The Hindu Kush Himalaya is on the frontline of climate change. Over the past decades, there has been a strong and clear warming trend across the region. Higher altitude areas have warmed faster than lowland areas and faster than the global average. This temperature increase has led to most glaciers to retreat and lose mass. In the future, temperatures will increase by 1–2°C on average by 2050, even reaching 4–5°C in some mountainous and high-altitude areas under a high emissions scenario. Even in the best-case scenario of a 1.5°C in global warming, the average increase in the HKH is projected to be 1.8 ± 0.4°C. Glaciers are some of the most sensitive indicators of climate change, as they respond rapidly to changes in temperature and precipitation. The retreat of glaciers has wide-reaching impacts on natural ecosystems and human settlements through risking local water supplies. In the short-term, the rapid melting will add volume to rivers. However, as glaciers continue to melt, run-off will eventually decrease, especially in river basins that receive substantial amounts of water from glaciers, such as the Indus River basin. This continued melting of glaciers is also resulting in an increase of glacial lakes, some of which may experience outburst flows that put mountain and downstream communities at great risk.

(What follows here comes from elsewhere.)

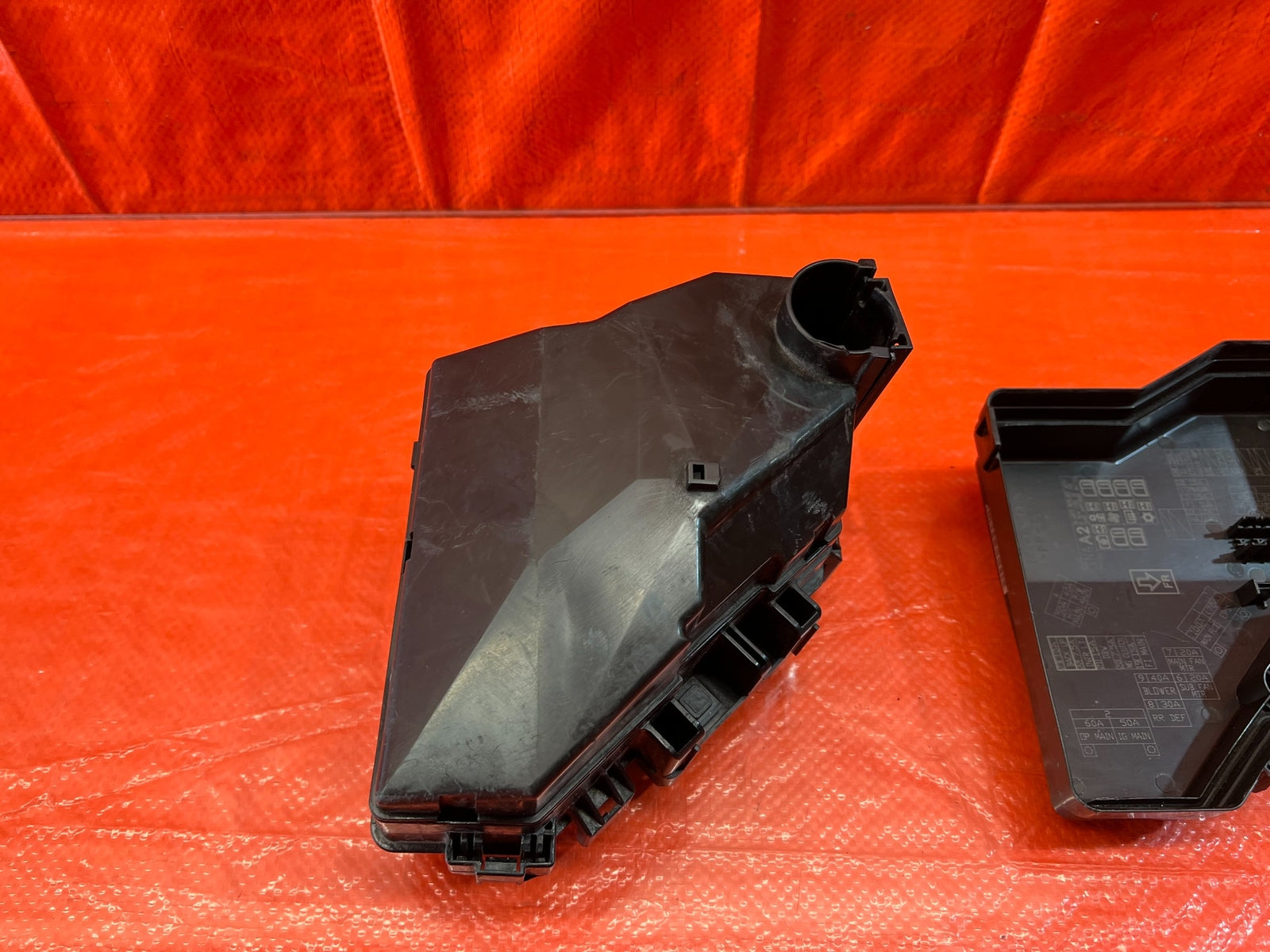 09 11 HONDA CIVIC SI SEDAN   EXTERIOR UNDER THE HOOD ENGINE BAY FUSE BOX OEM 20313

The loss of glacial ice in the Himalayas due to increasing temperatures — Figure \(\PageIndex{4}\): This map shows in blue the glaciers of the Hindu Kush Himalayas and the overall trend of ice loss, illustrated by the size of the red bars. With the exception of a few glaciers in the Karakoram Range, Himalayan multi-year ice is experiencing an alarming retreat. This is a global trend. As the graph on the top right illustrates, the world's major glaciers are melting at an alarming rate as temperatures increase, especially drastically in high-altitude regions (see graph on the bottom right). Glaciers are some of the most sensitive indicators of climate change, as they respond rapidly to changes in temperature and precipitation. Glaciers can provide local water resources in the mountains as well as influence runoff in lowland rivers and recharge river-fed aquifers. The retreat and advance of glaciers has wide-reaching impacts and affects on natural ecosystems and human settlements through effects on water supply and water flow patterns, affecting the availability of water for hydropower generation, agriculture and ecosystems (CC BY-NC-SA 2.0; GRID Arendal via Flickr).

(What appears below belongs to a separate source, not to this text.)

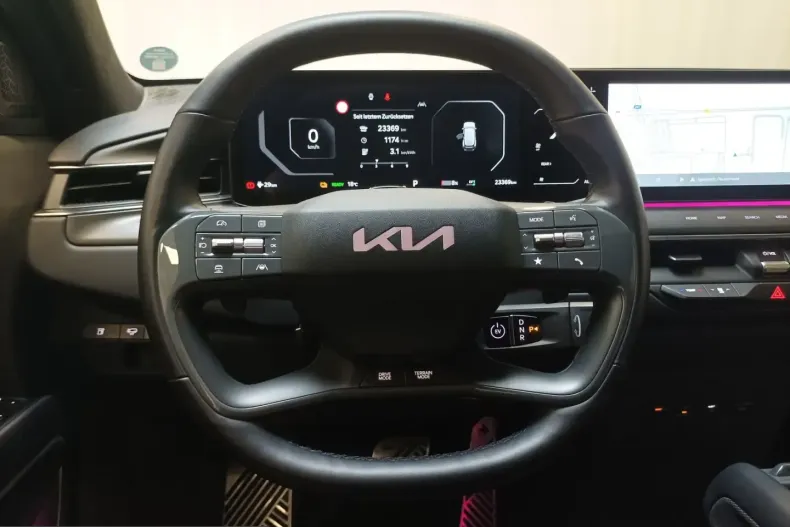 Kia EV9 din 2024 cu 23.214 km - oferta KIA249418 - foto 11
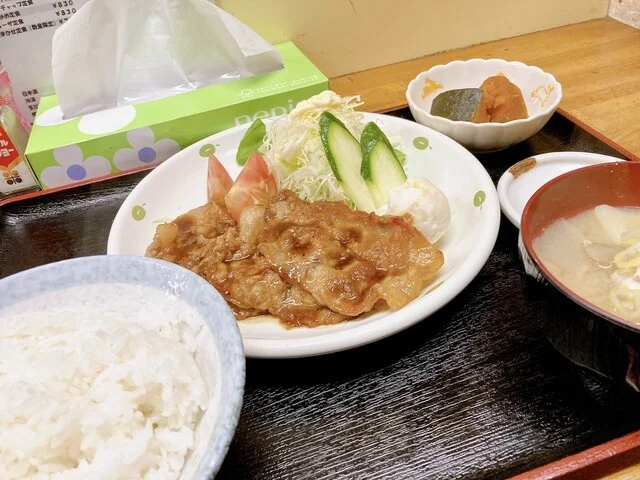 食事の店お津奈 - 青葉（食堂）の写真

Catastrophic Floods in Pakistan and Bangladesh

The heavy rains the monsoon brings every summer already pose great risks of floods and landslides in the region, and climate change is affecting the predictability and intensity of the monsoons. In Pakistan, the combination of record-breaking summer temperatures, rapid glacial melting, and a historically intense monsoon downpours culminated into a tragic flood event in July-August 2022. Glacial lakes overflowed and rivers expanded beyond their floodplains, affecting some 33 million people, and causing more than 1,400 deaths. The worst flooding occurred along the Indus River where some provinces received five to six times more monsoon rain than the 30-year average. Across the country, about 150 bridges and 2,200 miles of roads have been destroyed, and more than 700,000 livestock and 2 million acres of crops and orchards were lost.^[2]It was a devastating monsoon season for Pakistan, a place where floods are the most frequent and costly hazard, and likely to worsen due to climate change.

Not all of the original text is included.